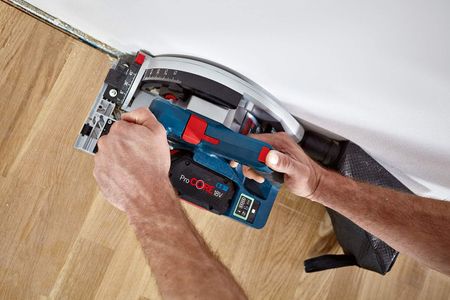 Bosch 18V Cordless Plunge Saw – Compact Power Tool for Precision Cuts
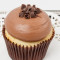 Vanille- Und Schokoladen-Cupcake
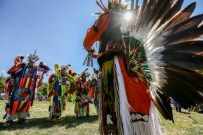 TİMSAH - New Yorklu Kızılderililer ''Pow Wow'' Festivalinde Buluştu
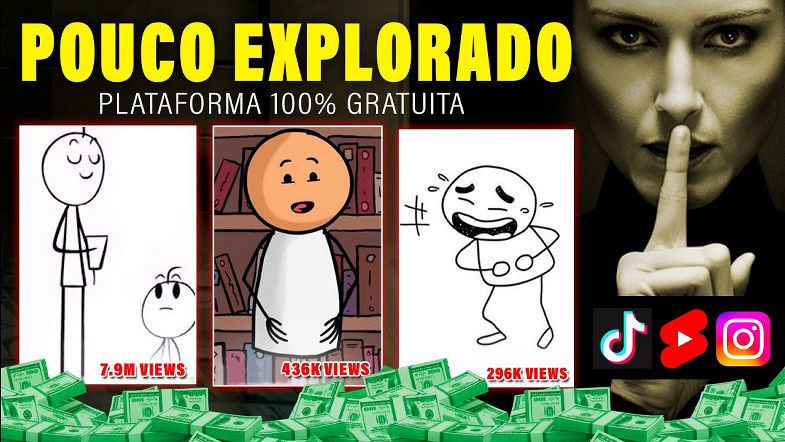 Encontrei o site GRATUITO para fazer vídeos de animação VIRAIS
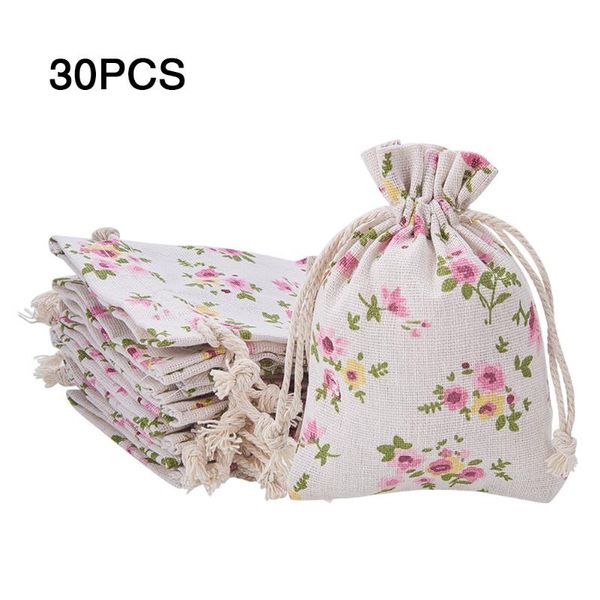30 pcs drawstring adjustable diy burlap bags party favour gift wedding natural packing candy jewelry floral printed pouches
30 pcs drawstring adjustable diy burlap bags party favour gift wedding natural packing candy jewelry floral printed pouches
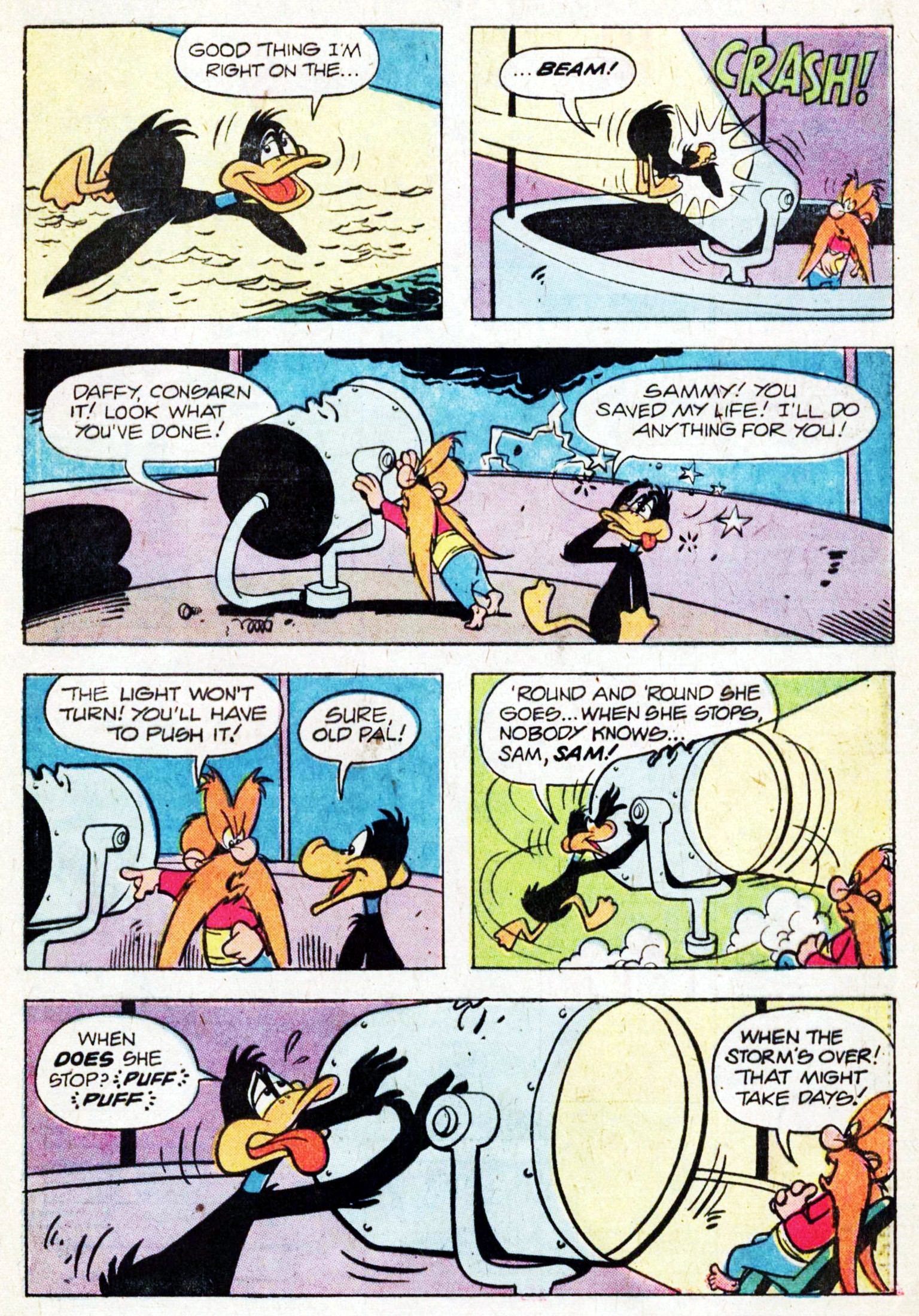 Read online Yosemite Sam and Bugs Bunny comic -  Issue #41 - 29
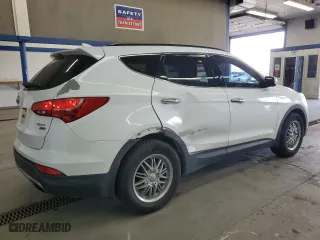 2013 Hyundai Santa Fe Sport with VIN 5XYZUDLB7DG016244, listed as a Copart auction lot 51782725 with 111,966 mi miles and Salvage Title. Bid and sale history available at carsss.com. Image 3.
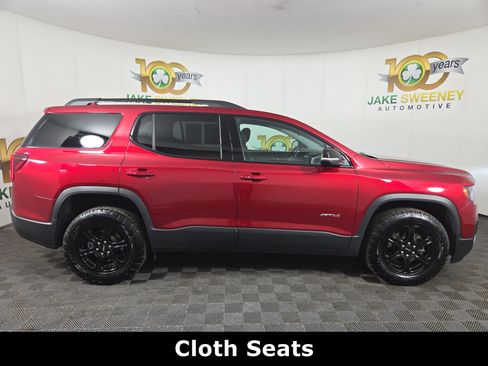 Certified 2023 GMC Acadia AT4 w/ LPO, Floor Liner Package image 10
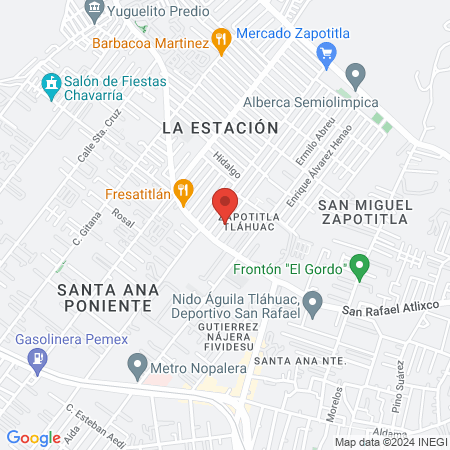 Consultorio Dental Politecnico map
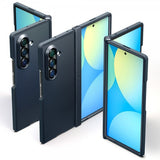 Spigen Samsung Galaxy Z Fold 7 Cover Tough Armor Pro MagFit Metal Slate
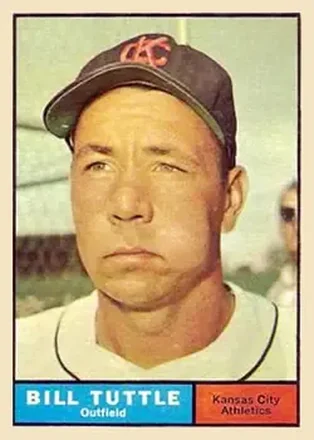 1961 Topps #536 Bill Tuttle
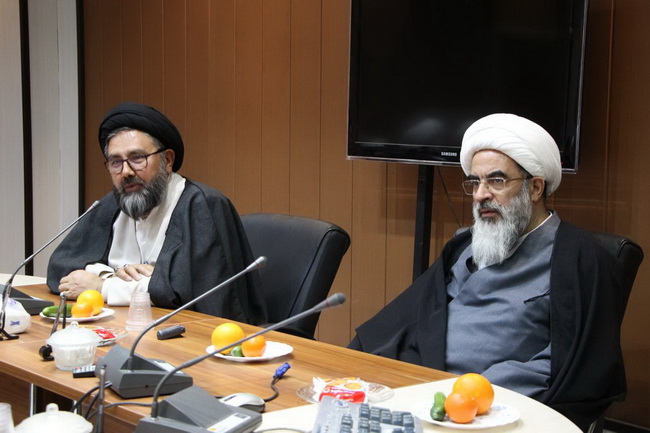 نشست علمی مشترک اساتید مرکز فقهی افغانستان و قم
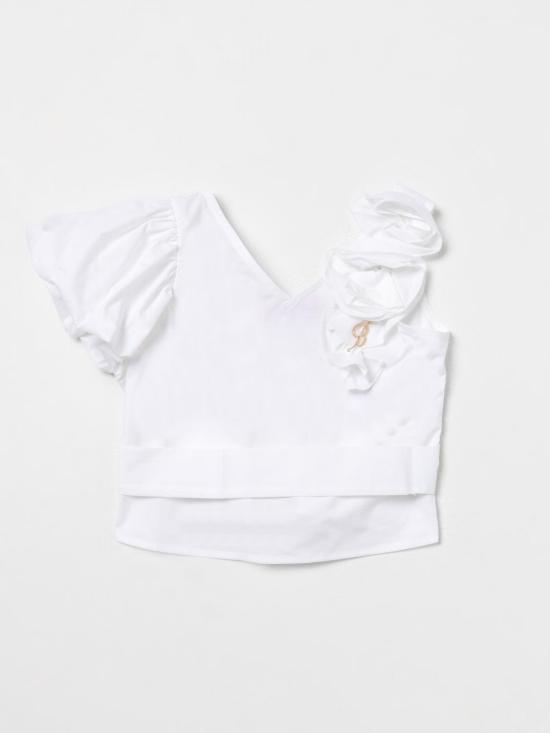  [키즈] 미스블루마린 티셔츠 IA4079T8822 10602 White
= = = = =
• What needs to be done
Would you please retype the material above exactly and leave out each picture?

• Output for this task
 Bosch 18V Cordless Plunge Saw – Compact Power Tool for Precision Cuts
 Vanille- Und Schokoladen-Cupcake
 TİMSAH - New Yorklu Kızılderililer ''Pow Wow'' Festivalinde Buluştu
 Encontrei o site GRATUITO para fazer vídeos de animação VIRAIS
30 pcs drawstring adjustable diy burlap bags party favour gift wedding natural packing candy jewelry floral printed pouches
30 pcs drawstring adjustable diy burlap bags party favour gift wedding natural packing candy jewelry floral printed pouches
 Read online Yosemite Sam and Bugs Bunny comic -  Issue #41 - 29
 2013 Hyundai Santa Fe Sport with VIN 5XYZUDLB7DG016244, listed as a Copart auction lot 51782725 with 111,966 mi miles and Salvage Title. Bid and sale history available at carsss.com. Image 3.
 Certified 2023 GMC Acadia AT4 w/ LPO, Floor Liner Package image 10
 Consultorio Dental Politecnico map
 Spigen Samsung Galaxy Z Fold 7 Cover Tough Armor Pro MagFit Metal Slate
 1961 Topps #536 Bill Tuttle
 نشست علمی مشترک اساتید مرکز فقهی افغانستان و قم
  [키즈] 미스블루마린 티셔츠 IA4079T8822 10602 White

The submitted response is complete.